## YOUR GOAL
Emit the data below verbatim, stripping out any pictures.

## GIVEN MATERIAL
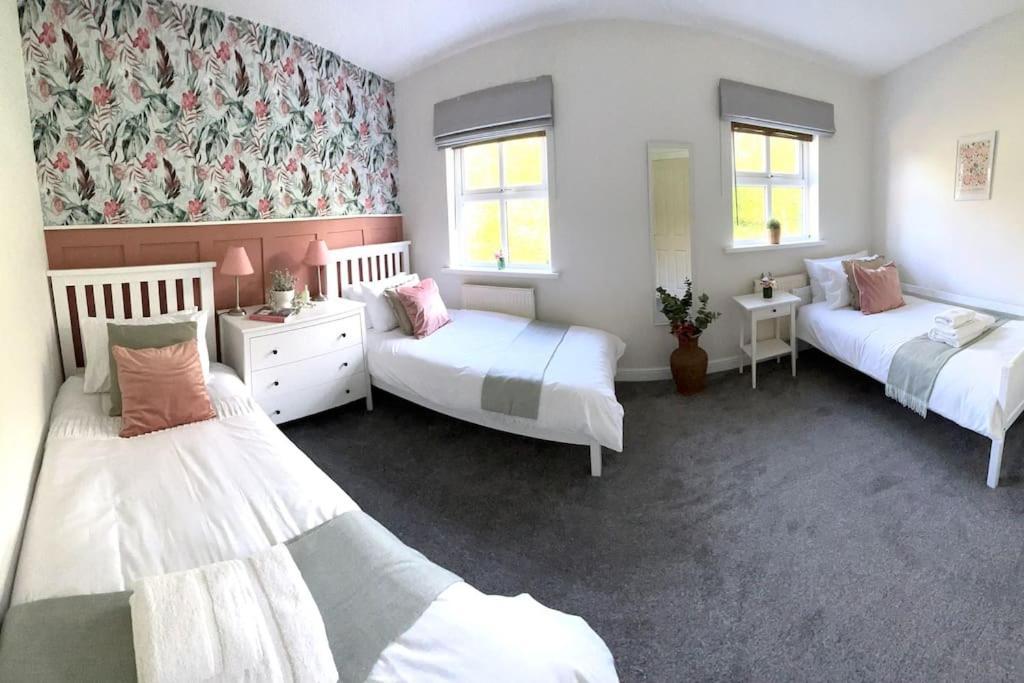 Olive Holiday Cottage Matlock มัทล็อก ภายนอก รูปภาพ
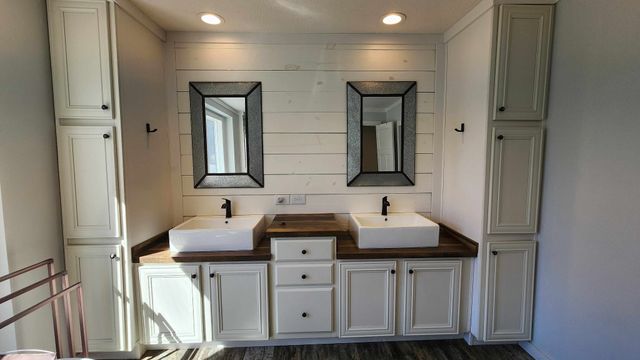 2695 Leslie Rd, Burkesville, KY 42717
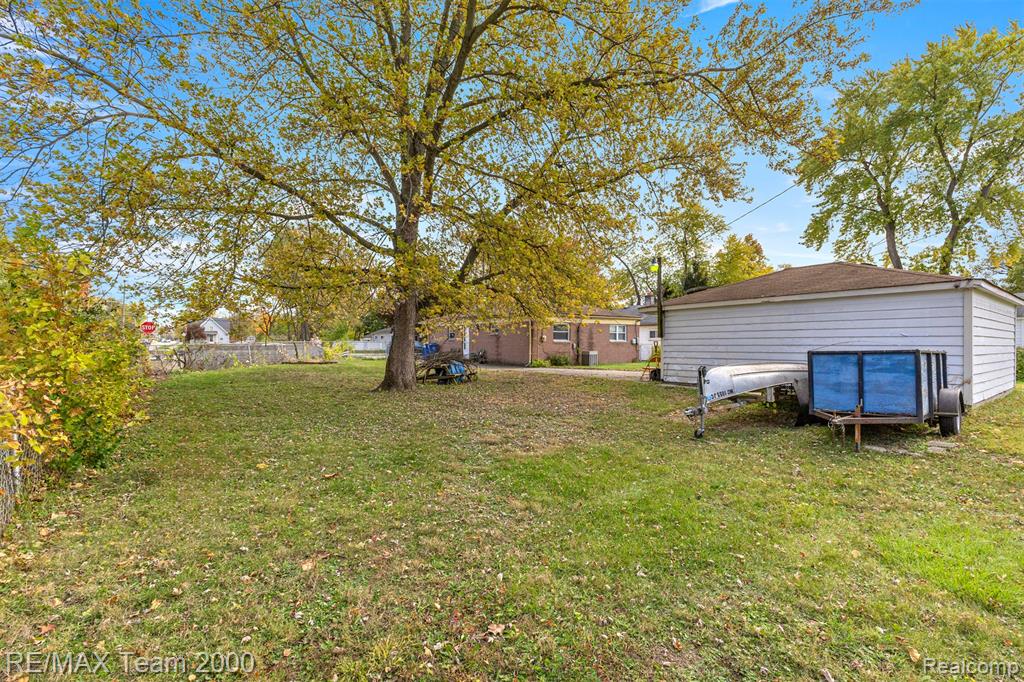 5622 Campbell Street, Dearborn Heights, MI 48125 — Photo 33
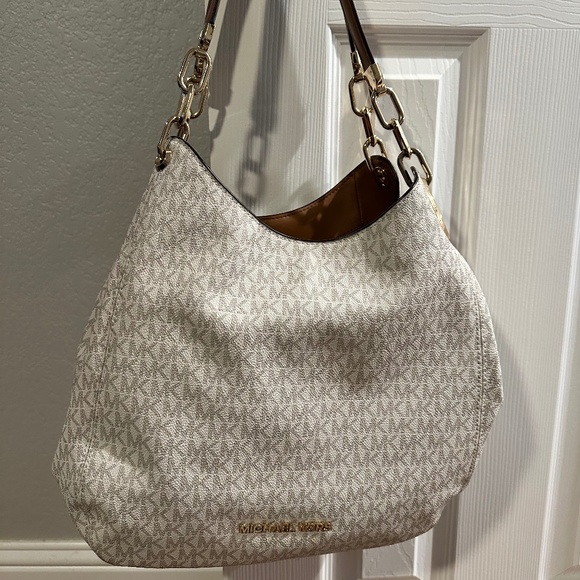 Michael Kors Handbags - Michael Kors Lillie Large Logo Shoulder Bag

## ANSWER SECTION
 Olive Holiday Cottage Matlock มัทล็อก ภายนอก รูปภาพ
 2695 Leslie Rd, Burkesville, KY 42717
 5622 Campbell Street, Dearborn Heights, MI 48125 — Photo 33
 Michael Kors Handbags - Michael Kors Lillie Large Logo Shoulder Bag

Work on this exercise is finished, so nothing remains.